Given that the immediate focus of U.S. sanctions on Iran is the nation’s oil sector, the Islamic Republic is concentrating on pushing its already significant petrochemicals capabilities to generate much-needed export revenues. Tehran also believes that foreign companies – particularly those in Europe – are much more likely to defy the U.S. in this sector than in the oil industry. To this effect, last week saw the chief executive officer of Iran’s National Petrochemical Company (NPC), Behzad Mohammadi, state that the country is now preparing its ‘master development plan for downstream petrochemical industries’.
This pivot to petrochemicals makes sense with the Songhor Petrochemical Projects plant set to be ready within 14 months. Also, the annual growth rate of the global crude oil industry is at best 1%, while the global petrochemicals sector is nearer 9%. According to Behzad Mohammadi, “the volume of the petrochemical industry’s trade in the world is worth US$3,800 billion annually and Iran can move more rapidly in the industry, given its massive oil and gas reserves,”.

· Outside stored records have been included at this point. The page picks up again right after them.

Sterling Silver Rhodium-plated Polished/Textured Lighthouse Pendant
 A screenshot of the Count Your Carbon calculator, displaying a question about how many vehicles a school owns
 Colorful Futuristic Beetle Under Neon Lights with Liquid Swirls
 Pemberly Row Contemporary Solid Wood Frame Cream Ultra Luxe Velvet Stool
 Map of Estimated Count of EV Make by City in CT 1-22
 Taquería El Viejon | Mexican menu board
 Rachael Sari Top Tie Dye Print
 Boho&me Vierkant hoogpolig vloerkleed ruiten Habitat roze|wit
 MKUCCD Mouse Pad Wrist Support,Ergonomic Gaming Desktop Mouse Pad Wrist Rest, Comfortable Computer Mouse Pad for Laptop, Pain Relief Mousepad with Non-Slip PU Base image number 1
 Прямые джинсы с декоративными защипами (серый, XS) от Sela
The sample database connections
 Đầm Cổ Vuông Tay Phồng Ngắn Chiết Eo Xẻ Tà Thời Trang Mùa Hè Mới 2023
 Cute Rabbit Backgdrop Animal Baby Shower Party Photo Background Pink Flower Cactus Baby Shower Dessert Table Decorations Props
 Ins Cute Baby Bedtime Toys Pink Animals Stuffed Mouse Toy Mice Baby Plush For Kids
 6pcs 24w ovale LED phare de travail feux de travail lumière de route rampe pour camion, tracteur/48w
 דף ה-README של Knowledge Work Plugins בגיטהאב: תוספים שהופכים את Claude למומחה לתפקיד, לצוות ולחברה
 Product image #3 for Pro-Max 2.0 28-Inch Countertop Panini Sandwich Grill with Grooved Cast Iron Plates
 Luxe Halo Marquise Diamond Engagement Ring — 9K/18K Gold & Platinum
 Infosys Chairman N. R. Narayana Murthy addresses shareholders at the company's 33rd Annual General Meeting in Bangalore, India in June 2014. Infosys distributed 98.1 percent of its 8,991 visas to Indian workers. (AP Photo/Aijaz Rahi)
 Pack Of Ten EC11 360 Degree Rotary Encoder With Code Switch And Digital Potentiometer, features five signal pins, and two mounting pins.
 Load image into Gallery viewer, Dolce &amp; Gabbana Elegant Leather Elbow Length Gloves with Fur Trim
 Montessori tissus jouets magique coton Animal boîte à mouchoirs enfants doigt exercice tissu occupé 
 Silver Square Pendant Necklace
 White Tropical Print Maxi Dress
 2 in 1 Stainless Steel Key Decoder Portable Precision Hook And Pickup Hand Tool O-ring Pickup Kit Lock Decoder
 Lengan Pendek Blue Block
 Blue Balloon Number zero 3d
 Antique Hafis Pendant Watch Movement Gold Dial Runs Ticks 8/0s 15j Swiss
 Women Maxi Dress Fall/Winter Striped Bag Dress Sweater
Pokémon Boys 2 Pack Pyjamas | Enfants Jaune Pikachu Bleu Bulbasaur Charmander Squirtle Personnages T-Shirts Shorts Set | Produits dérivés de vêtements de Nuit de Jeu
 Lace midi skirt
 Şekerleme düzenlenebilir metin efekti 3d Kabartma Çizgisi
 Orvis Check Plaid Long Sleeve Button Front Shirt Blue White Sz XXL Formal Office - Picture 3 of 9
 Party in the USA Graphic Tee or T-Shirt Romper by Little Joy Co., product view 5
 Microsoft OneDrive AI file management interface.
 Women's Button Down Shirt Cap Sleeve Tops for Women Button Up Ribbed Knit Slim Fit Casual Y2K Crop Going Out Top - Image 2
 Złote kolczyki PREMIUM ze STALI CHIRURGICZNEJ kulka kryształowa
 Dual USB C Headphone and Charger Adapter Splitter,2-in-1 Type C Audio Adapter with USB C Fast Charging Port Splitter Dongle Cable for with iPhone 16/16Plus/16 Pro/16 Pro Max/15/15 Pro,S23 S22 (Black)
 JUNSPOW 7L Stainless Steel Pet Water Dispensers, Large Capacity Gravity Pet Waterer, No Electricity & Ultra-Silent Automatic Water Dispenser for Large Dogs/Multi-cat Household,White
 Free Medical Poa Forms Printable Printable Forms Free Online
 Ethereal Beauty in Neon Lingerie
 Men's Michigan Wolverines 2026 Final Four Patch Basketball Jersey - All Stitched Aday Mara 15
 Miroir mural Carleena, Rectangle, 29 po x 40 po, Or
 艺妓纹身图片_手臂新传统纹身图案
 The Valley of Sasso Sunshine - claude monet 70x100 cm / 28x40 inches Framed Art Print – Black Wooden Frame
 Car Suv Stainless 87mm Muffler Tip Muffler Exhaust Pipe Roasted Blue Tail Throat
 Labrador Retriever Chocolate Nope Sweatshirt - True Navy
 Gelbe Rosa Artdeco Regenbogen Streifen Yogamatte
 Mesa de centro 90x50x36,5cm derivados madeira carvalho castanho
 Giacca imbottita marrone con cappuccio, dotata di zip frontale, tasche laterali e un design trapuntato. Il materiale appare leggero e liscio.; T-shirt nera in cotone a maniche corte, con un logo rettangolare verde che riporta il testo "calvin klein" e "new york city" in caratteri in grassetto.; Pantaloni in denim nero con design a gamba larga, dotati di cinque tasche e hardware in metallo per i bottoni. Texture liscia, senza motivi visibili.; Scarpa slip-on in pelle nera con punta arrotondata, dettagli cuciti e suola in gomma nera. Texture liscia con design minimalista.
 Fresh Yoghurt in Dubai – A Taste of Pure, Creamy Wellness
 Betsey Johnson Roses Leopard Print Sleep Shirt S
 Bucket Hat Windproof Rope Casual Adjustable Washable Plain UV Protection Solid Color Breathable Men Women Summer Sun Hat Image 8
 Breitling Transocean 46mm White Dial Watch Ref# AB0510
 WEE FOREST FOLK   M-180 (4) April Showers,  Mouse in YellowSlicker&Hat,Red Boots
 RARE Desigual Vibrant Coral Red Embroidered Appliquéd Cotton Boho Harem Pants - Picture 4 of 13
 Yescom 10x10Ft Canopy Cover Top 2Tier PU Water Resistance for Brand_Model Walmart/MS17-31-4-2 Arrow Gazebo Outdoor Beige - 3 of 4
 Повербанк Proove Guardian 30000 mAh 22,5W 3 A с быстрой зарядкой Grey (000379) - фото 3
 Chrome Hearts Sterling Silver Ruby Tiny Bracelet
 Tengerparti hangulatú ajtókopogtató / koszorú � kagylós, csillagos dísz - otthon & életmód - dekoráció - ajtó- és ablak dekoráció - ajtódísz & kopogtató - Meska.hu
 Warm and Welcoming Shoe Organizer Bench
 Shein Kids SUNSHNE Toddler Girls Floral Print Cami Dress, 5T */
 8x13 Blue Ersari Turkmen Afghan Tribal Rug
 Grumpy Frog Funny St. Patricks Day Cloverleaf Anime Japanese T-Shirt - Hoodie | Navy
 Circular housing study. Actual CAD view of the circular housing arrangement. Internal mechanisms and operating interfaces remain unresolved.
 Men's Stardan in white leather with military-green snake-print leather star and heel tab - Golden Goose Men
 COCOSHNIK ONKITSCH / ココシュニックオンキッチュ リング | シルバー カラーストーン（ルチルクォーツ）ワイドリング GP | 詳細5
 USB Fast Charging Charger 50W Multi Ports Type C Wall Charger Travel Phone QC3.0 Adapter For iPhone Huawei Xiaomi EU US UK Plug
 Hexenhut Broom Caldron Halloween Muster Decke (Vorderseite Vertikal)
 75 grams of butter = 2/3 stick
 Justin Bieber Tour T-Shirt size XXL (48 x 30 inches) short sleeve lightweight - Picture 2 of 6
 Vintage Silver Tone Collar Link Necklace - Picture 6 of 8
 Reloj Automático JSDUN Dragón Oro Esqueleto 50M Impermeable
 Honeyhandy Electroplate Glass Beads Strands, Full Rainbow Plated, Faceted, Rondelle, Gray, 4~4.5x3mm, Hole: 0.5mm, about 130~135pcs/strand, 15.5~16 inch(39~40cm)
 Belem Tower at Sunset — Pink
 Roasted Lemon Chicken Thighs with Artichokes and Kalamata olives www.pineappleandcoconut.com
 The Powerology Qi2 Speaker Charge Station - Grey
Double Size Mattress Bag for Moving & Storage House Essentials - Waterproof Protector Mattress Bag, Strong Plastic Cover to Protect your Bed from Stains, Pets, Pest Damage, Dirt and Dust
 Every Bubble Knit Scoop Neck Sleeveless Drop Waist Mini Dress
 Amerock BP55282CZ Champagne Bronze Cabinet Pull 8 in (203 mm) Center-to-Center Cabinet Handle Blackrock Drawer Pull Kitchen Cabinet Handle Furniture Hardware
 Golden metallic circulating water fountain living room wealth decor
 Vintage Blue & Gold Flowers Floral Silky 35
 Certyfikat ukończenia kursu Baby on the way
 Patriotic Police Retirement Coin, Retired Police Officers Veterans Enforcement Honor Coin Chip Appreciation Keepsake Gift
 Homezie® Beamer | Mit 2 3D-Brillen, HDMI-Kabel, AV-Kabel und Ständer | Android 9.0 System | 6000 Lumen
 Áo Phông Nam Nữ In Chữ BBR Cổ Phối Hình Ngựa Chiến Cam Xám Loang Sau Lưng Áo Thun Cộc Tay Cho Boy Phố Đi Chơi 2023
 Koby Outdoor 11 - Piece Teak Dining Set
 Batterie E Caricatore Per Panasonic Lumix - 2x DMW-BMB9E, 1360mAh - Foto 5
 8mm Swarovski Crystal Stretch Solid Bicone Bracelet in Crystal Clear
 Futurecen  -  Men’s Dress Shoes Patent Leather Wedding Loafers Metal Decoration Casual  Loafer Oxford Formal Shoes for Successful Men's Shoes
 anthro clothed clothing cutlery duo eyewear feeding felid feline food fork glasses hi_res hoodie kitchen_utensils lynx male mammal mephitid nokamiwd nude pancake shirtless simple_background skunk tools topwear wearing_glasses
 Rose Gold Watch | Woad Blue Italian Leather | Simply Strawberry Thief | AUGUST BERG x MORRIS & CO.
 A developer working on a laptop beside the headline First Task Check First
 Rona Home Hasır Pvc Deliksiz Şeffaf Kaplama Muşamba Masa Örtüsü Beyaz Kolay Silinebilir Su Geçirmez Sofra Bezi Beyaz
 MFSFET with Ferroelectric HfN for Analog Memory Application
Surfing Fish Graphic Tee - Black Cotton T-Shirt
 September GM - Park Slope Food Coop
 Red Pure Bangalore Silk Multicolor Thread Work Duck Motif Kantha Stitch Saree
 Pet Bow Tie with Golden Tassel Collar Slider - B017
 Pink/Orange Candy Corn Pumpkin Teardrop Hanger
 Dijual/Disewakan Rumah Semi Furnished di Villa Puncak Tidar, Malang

Under the previous US sanctions – even when the E.U. dramatically increased its sanctions against Iran in 2011/2012 – the petchems sector was the foundation of Iran’s ‘resistance economy’ model. The concept of this model was to generate value-added returns by leveraging intellectual capital into business development wherever possible. As it stands, 55 petrochemical plants are operating in Mahshahr, Assaluyeh and other areas of the country with a capacity of 65 million tons per year (mpty), of which 31 million tons of products are sold, and about 22 million tons are exported to different destinations in the world.